• [GOAL OF THE EXERCISE]
With the pictures left out, copy the records below exactly from the first line down to the line holding "POSTCARD Dancing Moon", and include that line.

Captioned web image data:
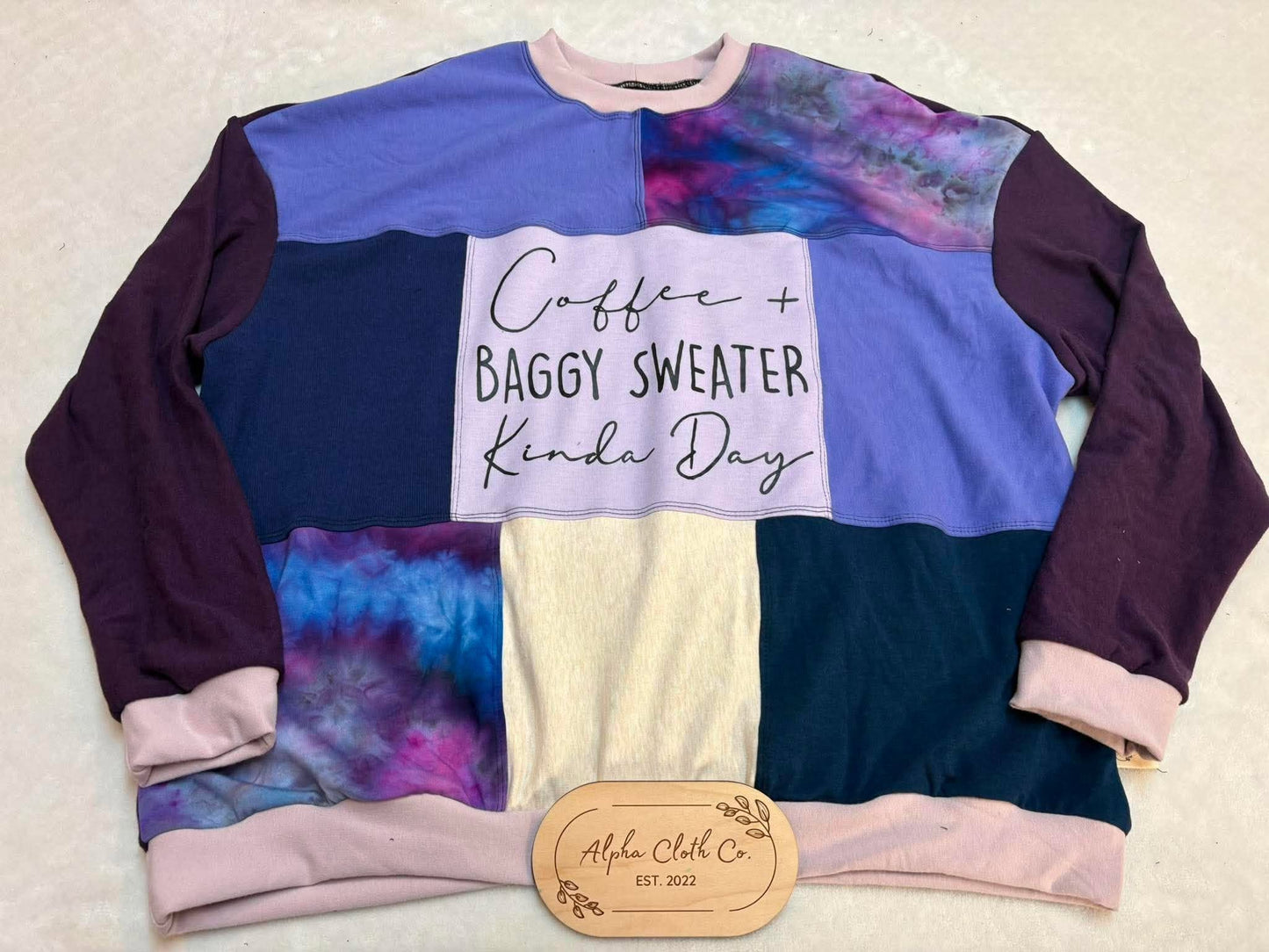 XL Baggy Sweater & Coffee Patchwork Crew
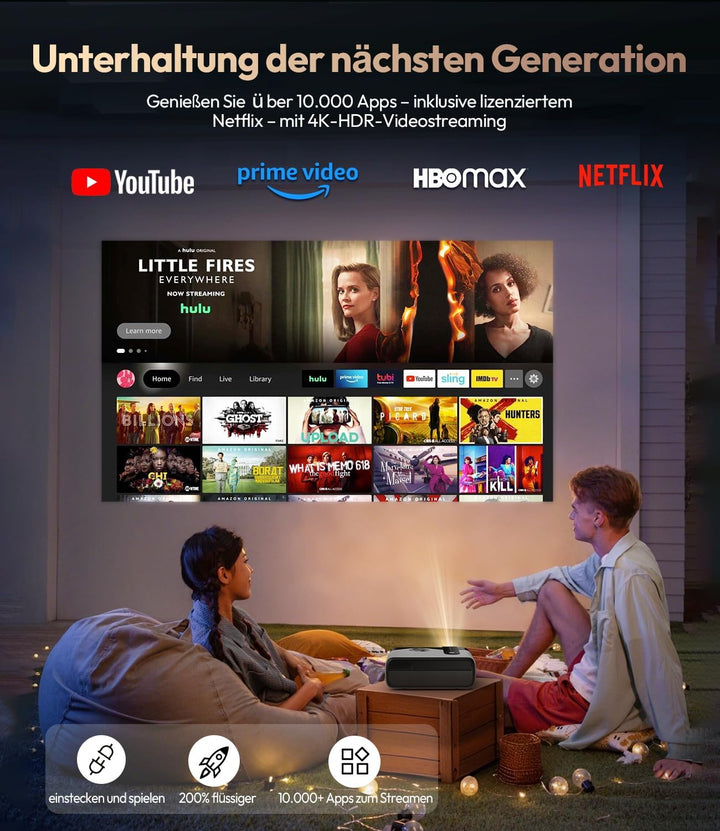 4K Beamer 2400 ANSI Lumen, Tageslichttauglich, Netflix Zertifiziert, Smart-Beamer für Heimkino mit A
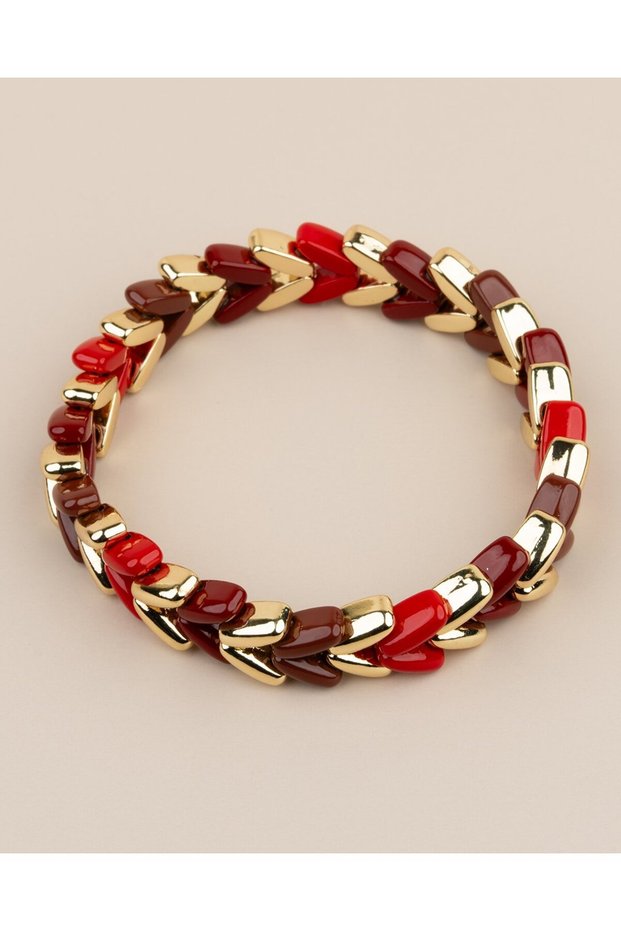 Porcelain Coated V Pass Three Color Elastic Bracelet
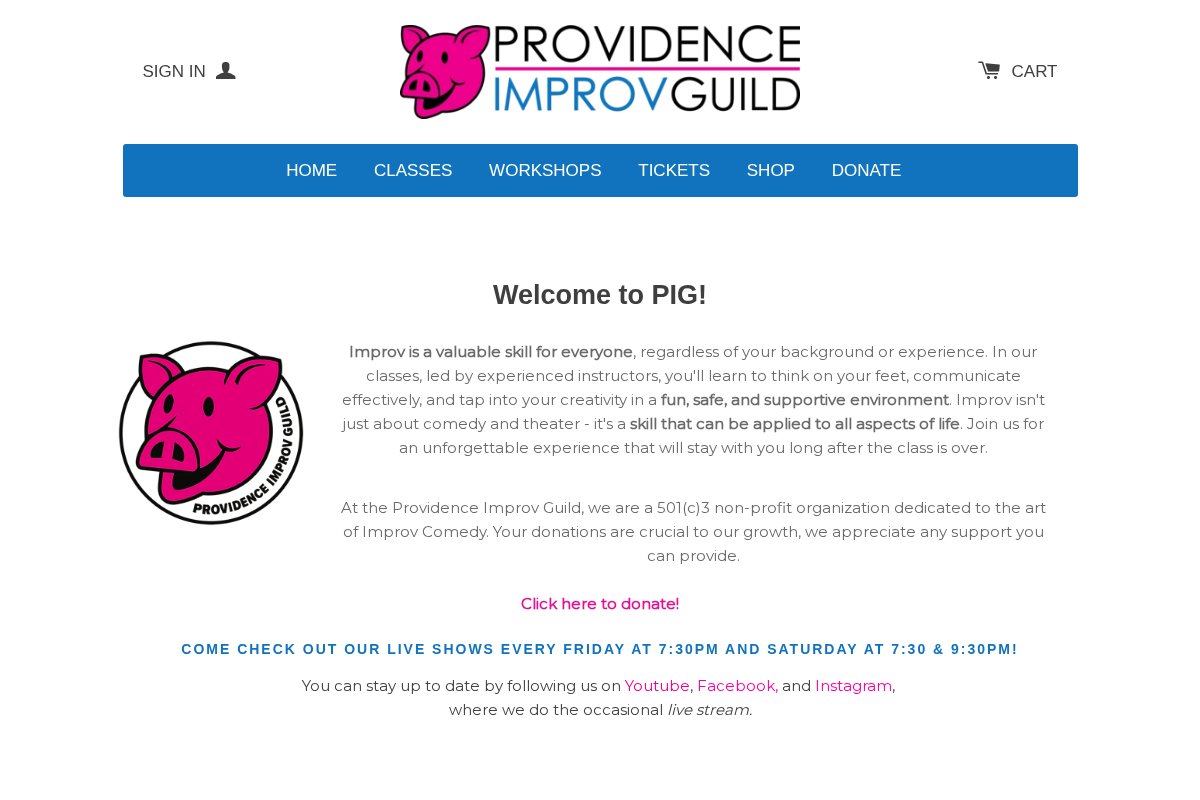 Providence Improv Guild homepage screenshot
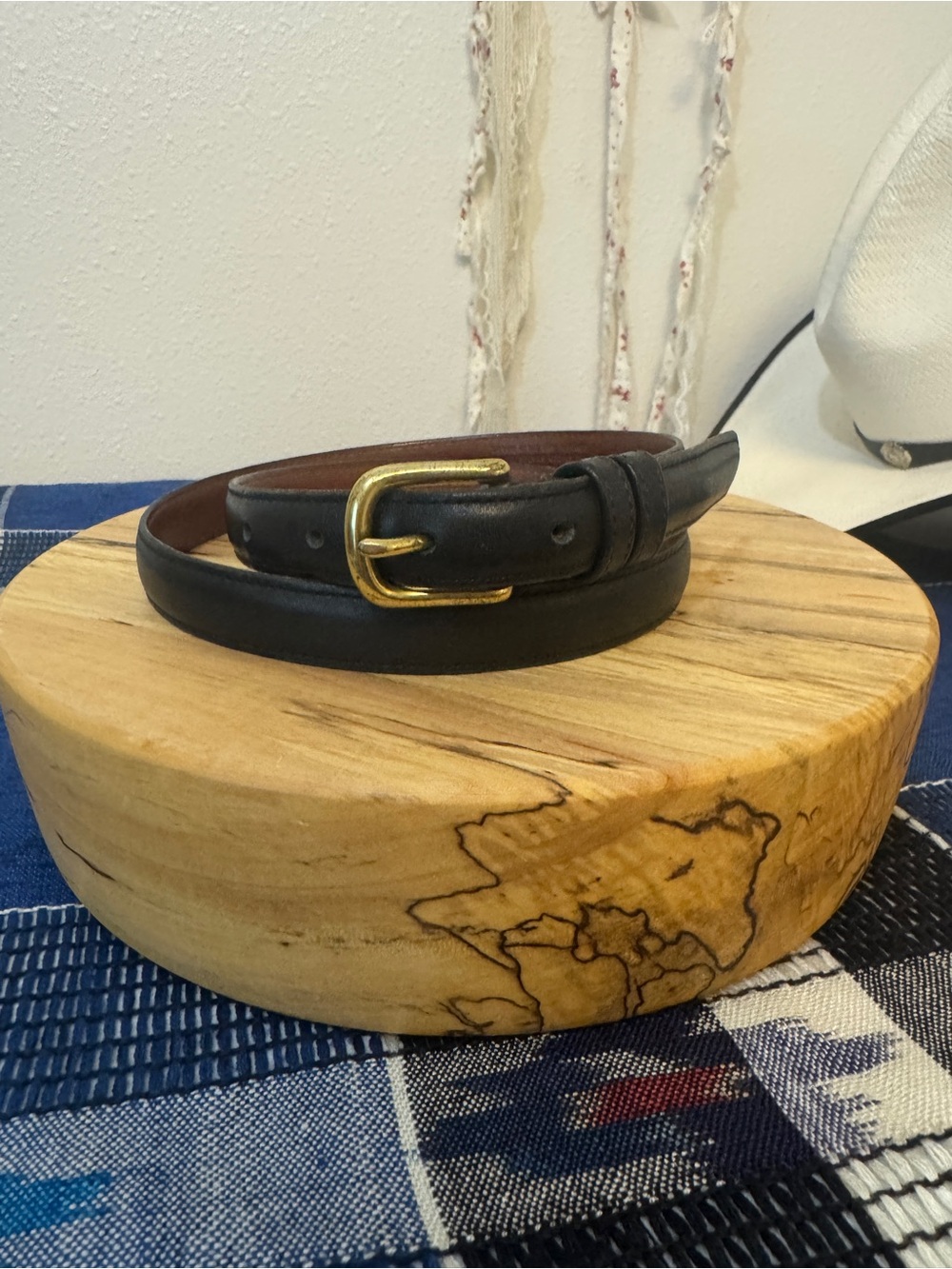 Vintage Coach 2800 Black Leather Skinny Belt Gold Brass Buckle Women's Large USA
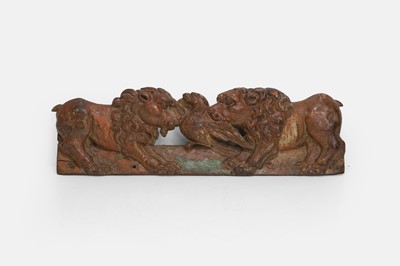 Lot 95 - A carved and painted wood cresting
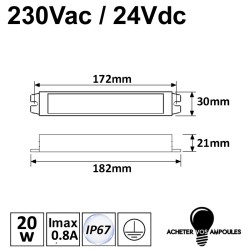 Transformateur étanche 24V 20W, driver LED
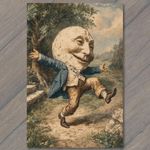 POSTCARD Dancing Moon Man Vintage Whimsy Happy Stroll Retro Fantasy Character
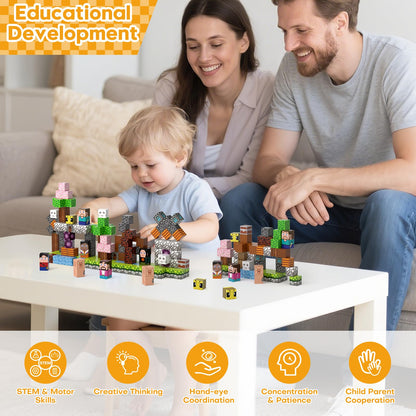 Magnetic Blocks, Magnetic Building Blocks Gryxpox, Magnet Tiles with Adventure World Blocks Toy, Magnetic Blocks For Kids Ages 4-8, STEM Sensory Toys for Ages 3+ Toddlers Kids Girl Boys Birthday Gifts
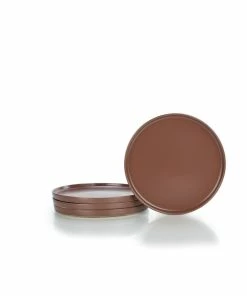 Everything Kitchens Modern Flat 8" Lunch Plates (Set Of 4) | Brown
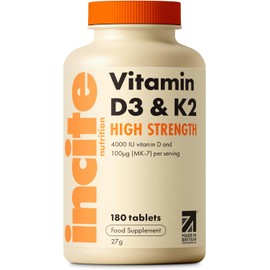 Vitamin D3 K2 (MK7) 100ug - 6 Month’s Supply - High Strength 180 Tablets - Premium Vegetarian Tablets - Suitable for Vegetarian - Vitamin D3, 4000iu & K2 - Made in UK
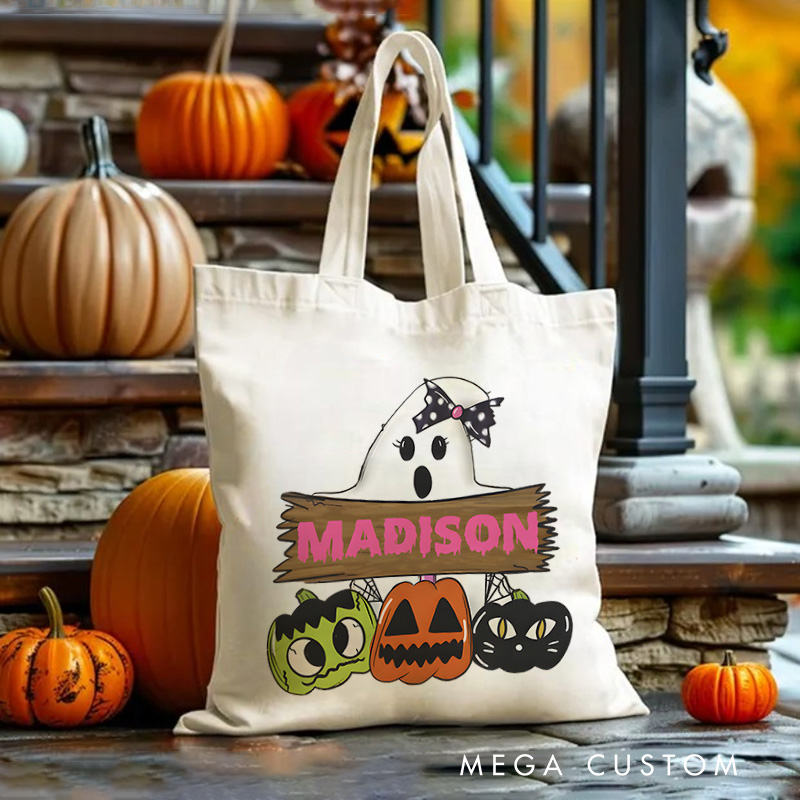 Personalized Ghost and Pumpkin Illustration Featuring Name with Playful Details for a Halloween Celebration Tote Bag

• [WRITTEN SOLUTION]
 XL Baggy Sweater & Coffee Patchwork Crew
 4K Beamer 2400 ANSI Lumen, Tageslichttauglich, Netflix Zertifiziert, Smart-Beamer für Heimkino mit A
 Porcelain Coated V Pass Three Color Elastic Bracelet
 Providence Improv Guild homepage screenshot
 Vintage Coach 2800 Black Leather Skinny Belt Gold Brass Buckle Women's Large USA
 Lot 95 - A carved and painted wood cresting
 Transformateur étanche 24V 20W, driver LED
 POSTCARD Dancing Moon Man Vintage Whimsy Happy Stroll Retro Fantasy Character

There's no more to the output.